Even the square upper window on the entry door to her studio tells a tale of what might go on behind it: it is adorned with a large multicoloured collage of Ye Olde Image Slides, an autobiographical throwback to when Medjber, as a nipper-snapper, first dabbled with the craft. It was, she says, all her father’s doing.
“He was big into photography, but he used to sell camera equipment – all old school before the days of digital. It was before I started school, and instead of putting me into childcare he brought me around with him in the back of his car, so I’d be on the road with him.”
From around 12 or 13, music became the obsession. It was all about Placebo's Without You I'm Nothing, and Manic Street Preachers' The Holy Bible
Surrounded by equipment but not necessarily photographers, Medjber points to the annual Christmas present of “cheap and cheerful plastic cameras” that made her progress at the age of five from random images (“light switches, toilet bowls, people’s shoes”) to evolve into a budding photographer as a teenager.
"From around 12 or 13, music became the obsession. It was all about Placebo's Without You I'm Nothing, and Manic Street Preachers' The Holy Bible. I sought out my tribe, which I found at Temple Bar Music Centre [now Button Factory] and the areas around Central Bank on Dame Street."
Learning curve
Then came the Blast shows at Temple Bar Music Centre, she recalls, a non-profit series of gigs for teenagers run by teenagers (with moderate adult supervision). Medjber remembers this time (2000-2004) as being a typical teenager’s learning curve.
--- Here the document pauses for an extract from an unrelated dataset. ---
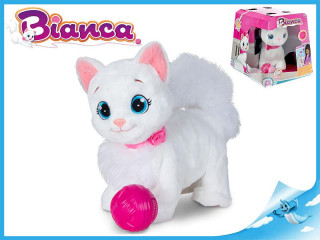 Bianca kočička plyšová 25cm na baterie chodící se zvukem 18m+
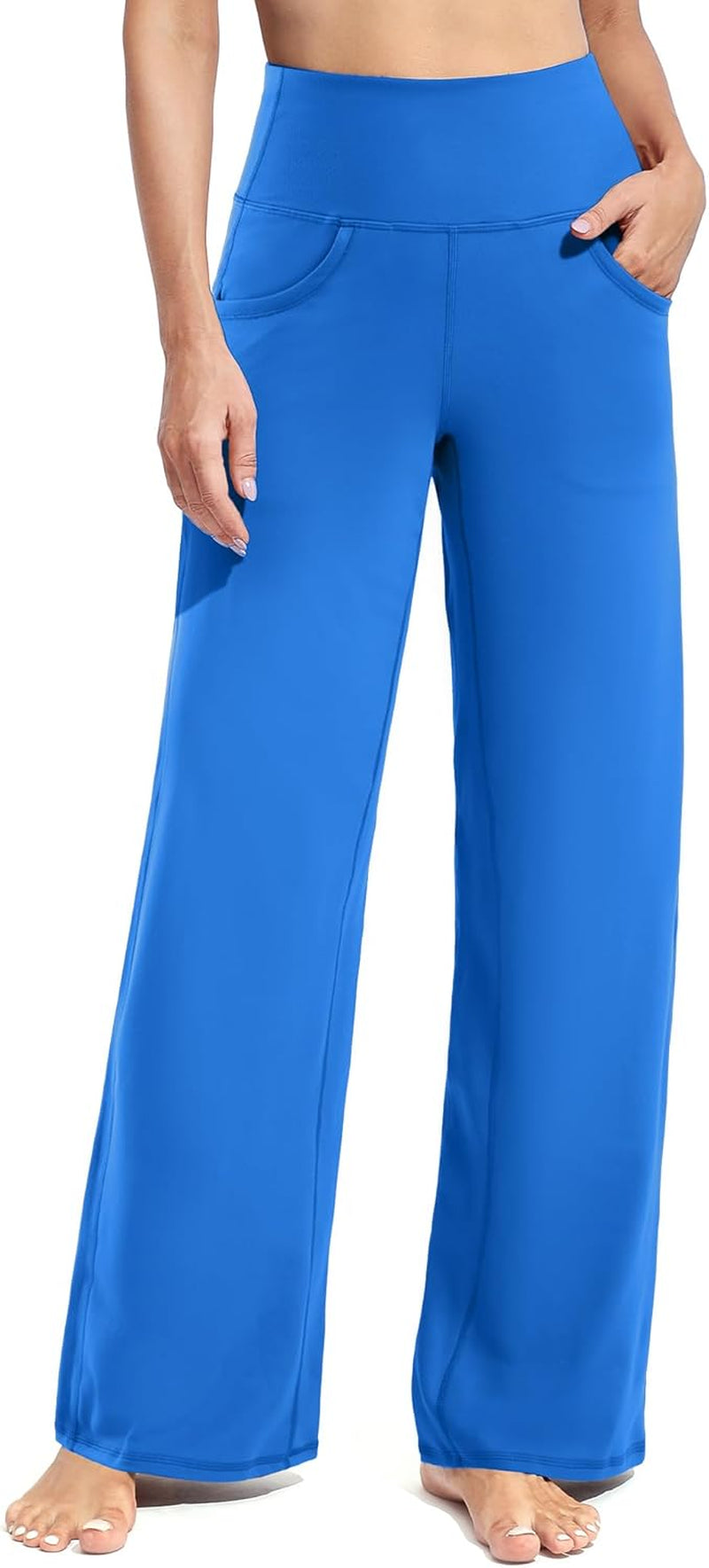 Promover Wide Leg Pants Woman Yoga Pants with Pockets Stretch Loose Casual Lounge Sweatpants Petite/Regular/Tall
She dyed her hair and “went off the rails in a very productive way. I knew I couldn’t sing a note or play an instrument, but I wanted to be involved with music in any way.”
Within time, she had got herself a digital camera. Enabled as much by the equipment as her burning ambition she would, she laughs, march into Temple Bar Music Centre’s tiny dressing room, say to the band that she was their photographer for the night, and start pressing the buttons. “That was when I started to call myself a photographer.”
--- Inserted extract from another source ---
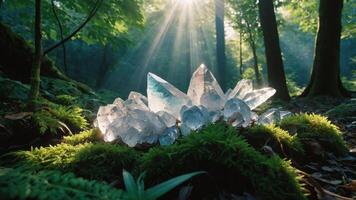 A cluster of clear crystals illuminated by sunlight in a lush forest setting. photo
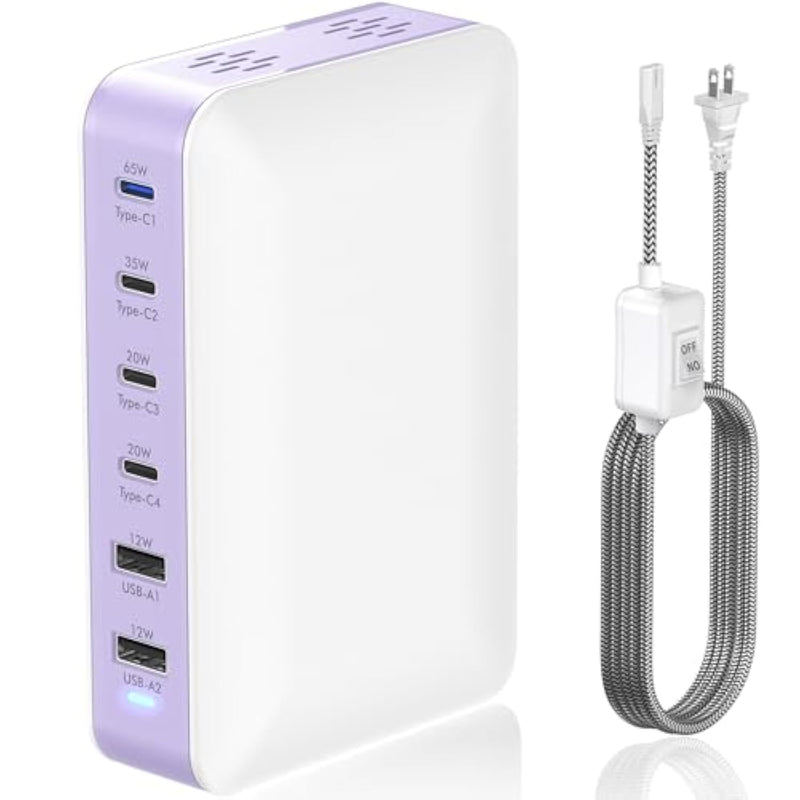 Usb C Charger Block Charging Station 164W 6 Ports Fast Desktop Charger With 4 Usb-C +2 Usb-A 65W Laptop Power For Macbook Pro/Air, Ipad, Iphone 15/15 Pro Max/15 Plus, Galaxy 24/23(White+Purple)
Embarking on a BA in photography seemed the next logical step, but in the third year of her four-year course, she started to get regular work with Hot Press magazine. Her ambitions ran in parallel with the rapid increase of her skills, and after graduation she added other publications such as NME, Rolling Stone, Kerrang! and Classic Rock to her expanding CV.
In person, Medjber is as forthcoming as the day is long, but she agrees that as a previously “painfully shy” child, holding something in front of her that places her in a position of authority allows her natural introversion to evaporate.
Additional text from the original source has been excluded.